Another way to do them, is to roast a sausage til crackling and bursting with juices, then wrap it with the spiral of bannock dough and roast it again til the dough is golden brown and puffy. A perfect campfire pig-in-a-blanket, well worth the wait.
3 cups flour
3 Tbsp baking powder
1 tsp salt
2 Tbsp melted butter
1 1/2 cups water
Mix dry ingredients in a large bowl. Make a well in the center and pour in the melted butter and the water.
Mix with a spoon until that doesn't work any more, then go in with your hands and work the mixture into a ball. Turn it out onto a lightly-floured surface and knead it until it makes a nice elastic ball. This is different from normal biscuit dough, which needs a very light touch. You don't have to worry about overworking the dough. What you're after is actually a dense and chewy dough.

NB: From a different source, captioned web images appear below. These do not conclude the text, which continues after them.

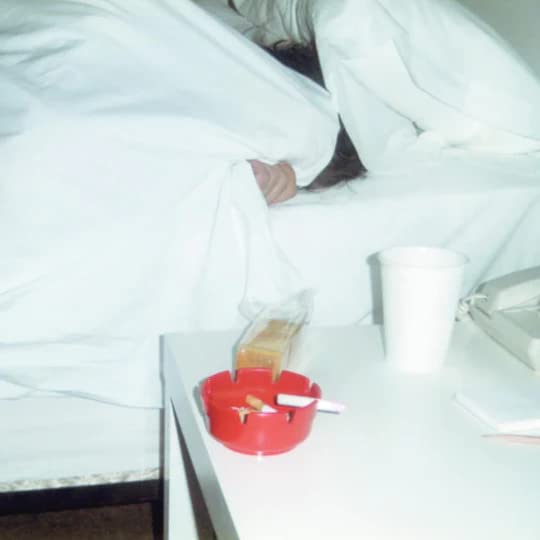 Person under white sheets with a bedside table and ashtray.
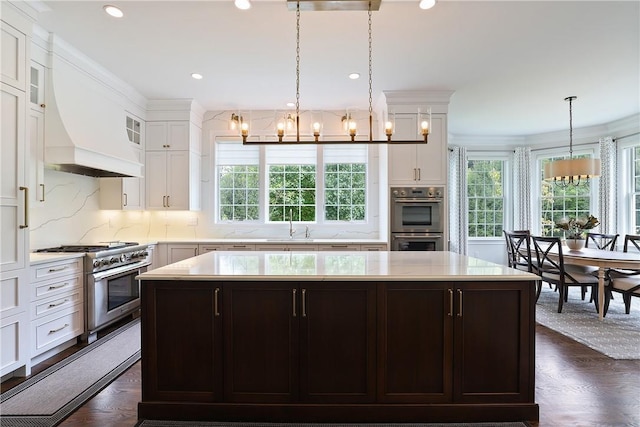 kitchen featuring a chandelier, glass insert cabinets, a center island, stainless steel appliances, and white cabinetry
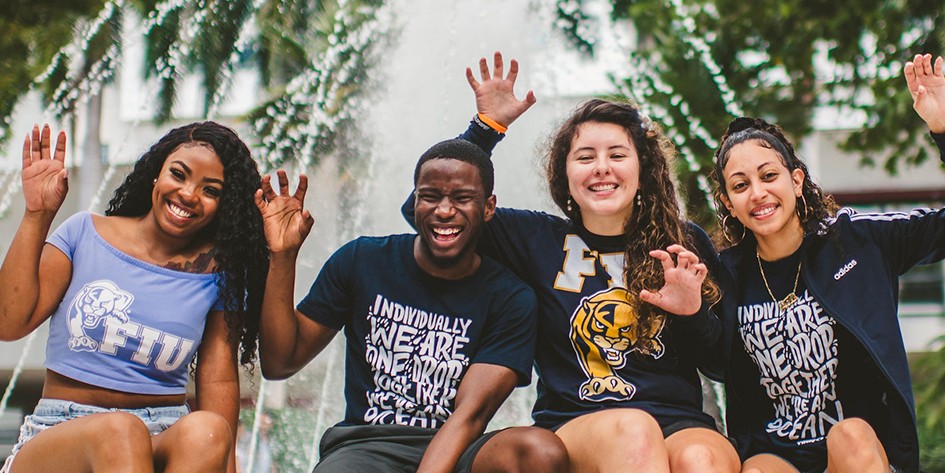 Group of students posing for a picture while smiling and waving at the camera.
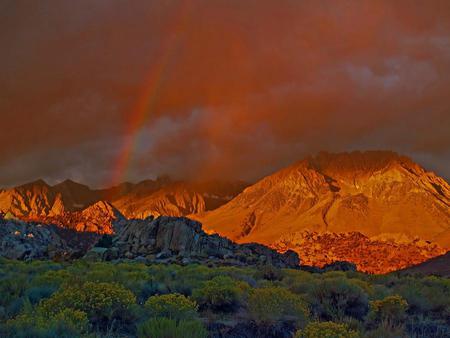 The Rainbow - greens, sunset, grey rocks, rainbow, beautiful, red sky, mountains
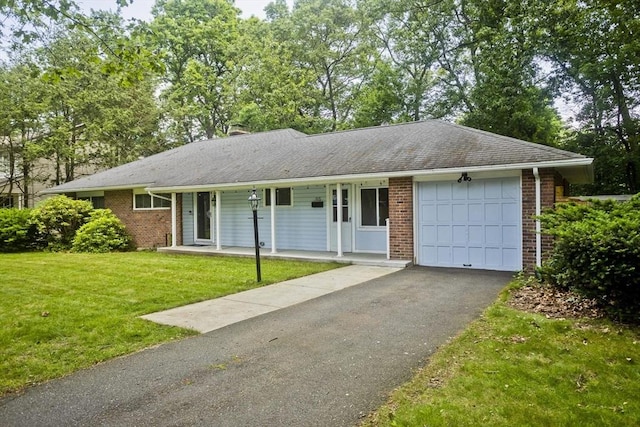 115 Carnavon Cir, Springfield, MA 01109 - single story home with an attached garage, a porch, brick siding, driveway, and a front lawn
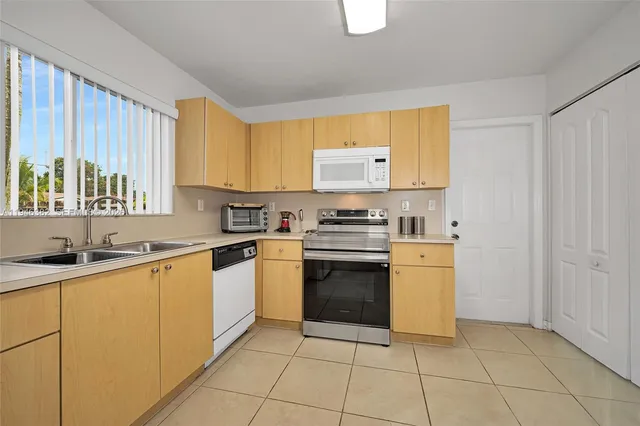 a kitchen with a refrigerator a stove a dining table and chairs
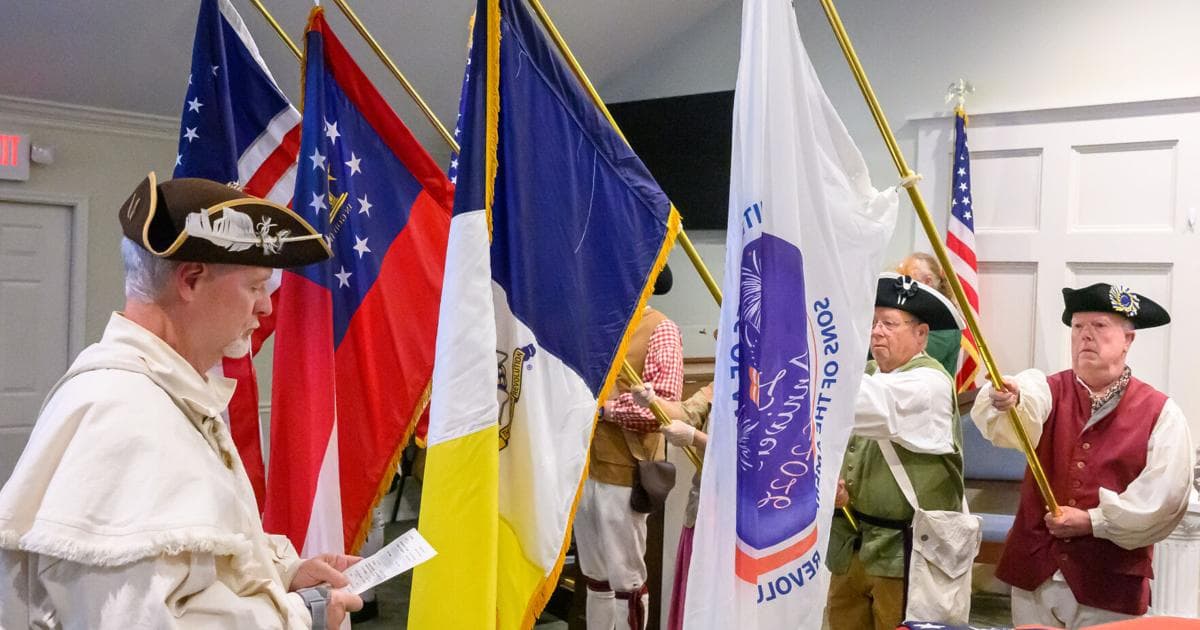 Cumming ceremony honors Flag Day with respectful flag retirement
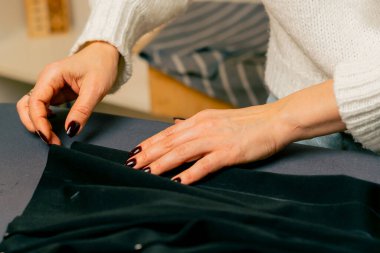 Bir dikiş atölyesine yakın plan. Bir terzi, kıvrım için siyah kumaş iğnelemiş.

It is now ready to roast over the fire, or roll it into egg-sized balls, pull them flat to make little pancakes and fry them in a mixture of butter and oil in a preheated heavy pan. When they are golden brown on each side, they are ready to serve topped with the morel mushroom sauce. Or you can just sprinkle them with sugar and eat them standing at the stove. Or do both.
This dough keeps, covered, in the fridge for 3 to 4 days, so make a large batch and it's always ready for your gourmet camping cravings.
This morrel sauce sounds amazing, my mouth started watering just by reading the title. I love the way you describe food, you have a real knack for it!